> _REQUIRED WORK_:
In the records that follow, find each line with "Heirloom" and pull it out.

> _MATERIAL FOR THIS EXERCISE_:
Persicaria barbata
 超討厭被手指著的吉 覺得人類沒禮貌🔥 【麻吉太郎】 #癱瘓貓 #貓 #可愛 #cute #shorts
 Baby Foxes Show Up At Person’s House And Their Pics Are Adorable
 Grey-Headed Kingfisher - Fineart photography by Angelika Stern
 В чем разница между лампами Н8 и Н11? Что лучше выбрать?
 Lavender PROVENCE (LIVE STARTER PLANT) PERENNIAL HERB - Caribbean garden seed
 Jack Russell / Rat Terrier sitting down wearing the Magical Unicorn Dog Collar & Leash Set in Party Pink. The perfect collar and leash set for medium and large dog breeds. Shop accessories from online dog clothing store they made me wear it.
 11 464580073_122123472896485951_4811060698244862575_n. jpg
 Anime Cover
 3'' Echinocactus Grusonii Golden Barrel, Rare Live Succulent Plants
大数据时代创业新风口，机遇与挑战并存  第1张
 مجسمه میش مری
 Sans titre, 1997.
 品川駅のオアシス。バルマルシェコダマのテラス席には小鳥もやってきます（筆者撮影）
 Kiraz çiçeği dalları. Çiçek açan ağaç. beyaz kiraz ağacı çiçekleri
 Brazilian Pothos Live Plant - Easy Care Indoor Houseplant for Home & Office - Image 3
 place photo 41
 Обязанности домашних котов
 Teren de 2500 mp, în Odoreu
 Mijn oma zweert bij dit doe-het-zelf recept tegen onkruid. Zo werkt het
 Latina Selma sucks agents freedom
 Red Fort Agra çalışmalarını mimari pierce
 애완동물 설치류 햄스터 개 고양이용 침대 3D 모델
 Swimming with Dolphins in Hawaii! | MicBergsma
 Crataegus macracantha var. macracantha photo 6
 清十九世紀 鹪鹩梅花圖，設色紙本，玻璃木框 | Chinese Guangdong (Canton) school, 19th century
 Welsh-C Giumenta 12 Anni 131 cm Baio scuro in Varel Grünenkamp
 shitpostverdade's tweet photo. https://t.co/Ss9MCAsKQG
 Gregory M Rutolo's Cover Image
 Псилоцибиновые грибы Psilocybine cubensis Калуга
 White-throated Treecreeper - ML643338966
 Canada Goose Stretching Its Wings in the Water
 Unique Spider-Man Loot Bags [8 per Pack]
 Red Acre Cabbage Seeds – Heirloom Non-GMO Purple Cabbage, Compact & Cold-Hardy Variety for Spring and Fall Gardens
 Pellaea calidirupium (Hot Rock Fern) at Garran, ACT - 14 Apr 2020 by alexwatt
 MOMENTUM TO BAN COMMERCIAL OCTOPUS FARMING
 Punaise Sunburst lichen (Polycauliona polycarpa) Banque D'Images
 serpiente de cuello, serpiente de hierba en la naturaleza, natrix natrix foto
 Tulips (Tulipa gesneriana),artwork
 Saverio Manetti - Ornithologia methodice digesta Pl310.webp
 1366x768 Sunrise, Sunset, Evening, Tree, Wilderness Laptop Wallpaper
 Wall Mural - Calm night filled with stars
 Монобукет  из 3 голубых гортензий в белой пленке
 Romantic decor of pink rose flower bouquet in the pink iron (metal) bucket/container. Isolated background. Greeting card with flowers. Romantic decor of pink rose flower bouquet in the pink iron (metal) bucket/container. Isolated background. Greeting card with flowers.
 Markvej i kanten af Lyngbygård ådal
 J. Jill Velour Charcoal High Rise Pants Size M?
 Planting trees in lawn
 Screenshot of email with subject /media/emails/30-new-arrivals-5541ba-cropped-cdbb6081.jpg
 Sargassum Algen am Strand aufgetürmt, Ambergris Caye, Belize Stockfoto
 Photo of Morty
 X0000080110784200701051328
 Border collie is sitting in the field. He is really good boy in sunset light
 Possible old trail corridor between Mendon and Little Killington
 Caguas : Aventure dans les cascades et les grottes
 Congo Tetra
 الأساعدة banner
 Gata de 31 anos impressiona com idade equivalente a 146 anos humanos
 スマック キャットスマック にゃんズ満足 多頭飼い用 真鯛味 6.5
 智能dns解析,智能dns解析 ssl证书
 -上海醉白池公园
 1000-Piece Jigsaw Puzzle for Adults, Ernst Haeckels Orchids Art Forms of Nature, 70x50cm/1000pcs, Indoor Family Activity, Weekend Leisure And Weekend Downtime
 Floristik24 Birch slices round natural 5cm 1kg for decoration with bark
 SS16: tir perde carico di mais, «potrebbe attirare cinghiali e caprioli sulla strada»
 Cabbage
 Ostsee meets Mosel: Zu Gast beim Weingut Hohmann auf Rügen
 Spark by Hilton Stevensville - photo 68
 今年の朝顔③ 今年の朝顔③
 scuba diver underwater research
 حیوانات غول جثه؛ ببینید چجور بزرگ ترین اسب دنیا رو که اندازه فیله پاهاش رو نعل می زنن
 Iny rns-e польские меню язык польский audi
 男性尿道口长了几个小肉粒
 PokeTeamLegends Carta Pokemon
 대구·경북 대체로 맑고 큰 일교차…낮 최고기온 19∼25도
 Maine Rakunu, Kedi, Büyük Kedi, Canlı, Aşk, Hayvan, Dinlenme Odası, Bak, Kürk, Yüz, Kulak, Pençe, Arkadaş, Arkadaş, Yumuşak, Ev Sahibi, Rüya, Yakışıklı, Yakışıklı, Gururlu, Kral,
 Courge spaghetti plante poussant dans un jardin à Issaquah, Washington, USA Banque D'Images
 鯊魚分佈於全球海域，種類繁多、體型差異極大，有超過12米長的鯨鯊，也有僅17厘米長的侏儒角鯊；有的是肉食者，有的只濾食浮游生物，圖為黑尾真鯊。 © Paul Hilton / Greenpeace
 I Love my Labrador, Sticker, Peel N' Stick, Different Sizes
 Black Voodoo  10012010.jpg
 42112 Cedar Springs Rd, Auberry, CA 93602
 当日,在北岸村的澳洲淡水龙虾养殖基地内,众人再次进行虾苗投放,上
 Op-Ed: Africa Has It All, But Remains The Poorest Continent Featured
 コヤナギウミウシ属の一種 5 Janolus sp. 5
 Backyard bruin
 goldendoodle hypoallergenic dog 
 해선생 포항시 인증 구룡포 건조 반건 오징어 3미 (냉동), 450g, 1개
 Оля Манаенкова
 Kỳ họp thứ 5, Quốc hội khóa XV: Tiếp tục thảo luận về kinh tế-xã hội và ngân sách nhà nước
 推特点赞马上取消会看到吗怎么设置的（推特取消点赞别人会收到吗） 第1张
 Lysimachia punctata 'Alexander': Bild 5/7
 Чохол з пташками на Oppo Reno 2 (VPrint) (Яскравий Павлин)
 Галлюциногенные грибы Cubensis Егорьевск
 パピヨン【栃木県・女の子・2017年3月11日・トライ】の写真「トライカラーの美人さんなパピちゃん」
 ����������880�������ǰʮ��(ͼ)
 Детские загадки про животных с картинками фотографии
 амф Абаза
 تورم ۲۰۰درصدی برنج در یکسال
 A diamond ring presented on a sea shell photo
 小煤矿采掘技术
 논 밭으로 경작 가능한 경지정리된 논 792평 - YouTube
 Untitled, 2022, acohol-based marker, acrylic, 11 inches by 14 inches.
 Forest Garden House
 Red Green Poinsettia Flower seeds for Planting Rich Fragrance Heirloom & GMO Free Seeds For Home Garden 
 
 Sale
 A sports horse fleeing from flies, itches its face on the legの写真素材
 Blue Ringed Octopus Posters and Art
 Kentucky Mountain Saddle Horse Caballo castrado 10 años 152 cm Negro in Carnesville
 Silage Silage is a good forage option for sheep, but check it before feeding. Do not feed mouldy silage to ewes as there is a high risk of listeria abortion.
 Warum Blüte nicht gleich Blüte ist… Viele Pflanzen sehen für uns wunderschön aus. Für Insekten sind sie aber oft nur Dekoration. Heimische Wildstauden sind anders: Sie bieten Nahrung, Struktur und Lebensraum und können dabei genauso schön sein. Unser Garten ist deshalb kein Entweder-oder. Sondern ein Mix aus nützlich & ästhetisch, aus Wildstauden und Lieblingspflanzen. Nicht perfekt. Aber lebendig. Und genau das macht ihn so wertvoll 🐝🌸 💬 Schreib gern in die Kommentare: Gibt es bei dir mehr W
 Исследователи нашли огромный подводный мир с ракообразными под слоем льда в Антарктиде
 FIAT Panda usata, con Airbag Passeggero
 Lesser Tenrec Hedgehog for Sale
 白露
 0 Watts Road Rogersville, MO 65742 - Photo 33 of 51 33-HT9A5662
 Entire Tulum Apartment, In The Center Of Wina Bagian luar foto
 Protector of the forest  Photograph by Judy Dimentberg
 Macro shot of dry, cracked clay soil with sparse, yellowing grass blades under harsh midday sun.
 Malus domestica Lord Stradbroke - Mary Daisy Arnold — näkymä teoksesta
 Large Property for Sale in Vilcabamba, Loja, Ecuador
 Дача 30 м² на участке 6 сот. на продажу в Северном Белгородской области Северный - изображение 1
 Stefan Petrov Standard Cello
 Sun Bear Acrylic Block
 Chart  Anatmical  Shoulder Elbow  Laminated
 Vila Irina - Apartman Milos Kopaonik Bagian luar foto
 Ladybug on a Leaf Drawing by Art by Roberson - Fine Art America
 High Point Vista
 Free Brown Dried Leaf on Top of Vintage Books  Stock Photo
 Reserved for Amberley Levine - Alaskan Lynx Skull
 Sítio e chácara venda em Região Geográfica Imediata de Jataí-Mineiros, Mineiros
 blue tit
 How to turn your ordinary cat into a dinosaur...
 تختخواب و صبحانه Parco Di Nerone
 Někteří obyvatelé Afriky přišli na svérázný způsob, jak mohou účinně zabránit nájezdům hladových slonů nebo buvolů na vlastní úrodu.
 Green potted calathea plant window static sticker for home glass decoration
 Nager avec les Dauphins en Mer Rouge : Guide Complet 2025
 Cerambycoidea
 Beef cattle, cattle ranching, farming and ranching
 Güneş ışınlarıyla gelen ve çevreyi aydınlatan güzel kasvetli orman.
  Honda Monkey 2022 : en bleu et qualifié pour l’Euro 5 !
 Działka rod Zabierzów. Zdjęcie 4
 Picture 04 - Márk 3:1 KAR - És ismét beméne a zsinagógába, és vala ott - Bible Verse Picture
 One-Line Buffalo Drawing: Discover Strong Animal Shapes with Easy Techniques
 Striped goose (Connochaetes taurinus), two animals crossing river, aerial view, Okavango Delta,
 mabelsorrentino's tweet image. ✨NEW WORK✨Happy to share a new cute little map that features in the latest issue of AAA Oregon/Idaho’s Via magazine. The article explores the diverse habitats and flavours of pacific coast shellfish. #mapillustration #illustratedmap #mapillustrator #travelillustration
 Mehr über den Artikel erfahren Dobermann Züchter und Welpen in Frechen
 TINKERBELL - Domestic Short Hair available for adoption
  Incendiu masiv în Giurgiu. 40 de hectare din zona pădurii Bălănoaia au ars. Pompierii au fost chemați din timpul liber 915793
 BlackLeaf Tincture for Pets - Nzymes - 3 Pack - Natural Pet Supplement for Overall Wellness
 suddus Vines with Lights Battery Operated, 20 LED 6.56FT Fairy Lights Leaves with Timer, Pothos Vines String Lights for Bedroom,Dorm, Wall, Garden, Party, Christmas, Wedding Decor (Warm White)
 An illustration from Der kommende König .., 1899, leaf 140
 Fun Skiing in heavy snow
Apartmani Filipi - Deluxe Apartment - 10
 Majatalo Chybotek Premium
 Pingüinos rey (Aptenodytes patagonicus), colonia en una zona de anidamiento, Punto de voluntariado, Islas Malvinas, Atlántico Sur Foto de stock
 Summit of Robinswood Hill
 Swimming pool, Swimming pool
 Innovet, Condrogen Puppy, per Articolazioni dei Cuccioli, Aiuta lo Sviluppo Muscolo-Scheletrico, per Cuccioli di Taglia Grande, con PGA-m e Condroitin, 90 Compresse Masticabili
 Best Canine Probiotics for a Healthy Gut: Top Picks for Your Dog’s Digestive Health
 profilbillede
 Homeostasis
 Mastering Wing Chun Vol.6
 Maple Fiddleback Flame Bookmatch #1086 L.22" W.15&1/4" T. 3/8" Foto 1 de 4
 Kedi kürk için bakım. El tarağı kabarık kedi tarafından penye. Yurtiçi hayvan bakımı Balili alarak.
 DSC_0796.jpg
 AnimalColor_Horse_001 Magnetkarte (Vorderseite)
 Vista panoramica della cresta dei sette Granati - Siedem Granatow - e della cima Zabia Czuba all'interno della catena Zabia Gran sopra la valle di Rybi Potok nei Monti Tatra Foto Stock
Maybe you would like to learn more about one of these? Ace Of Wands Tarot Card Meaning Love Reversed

> _RESPONSE TO THIS TASK_:
 Red Acre Cabbage Seeds – Heirloom Non-GMO Purple Cabbage, Compact & Cold-Hardy Variety for Spring and Fall Gardens
 Red Green Poinsettia Flower seeds for Planting Rich Fragrance Heirloom & GMO Free Seeds For Home Garden 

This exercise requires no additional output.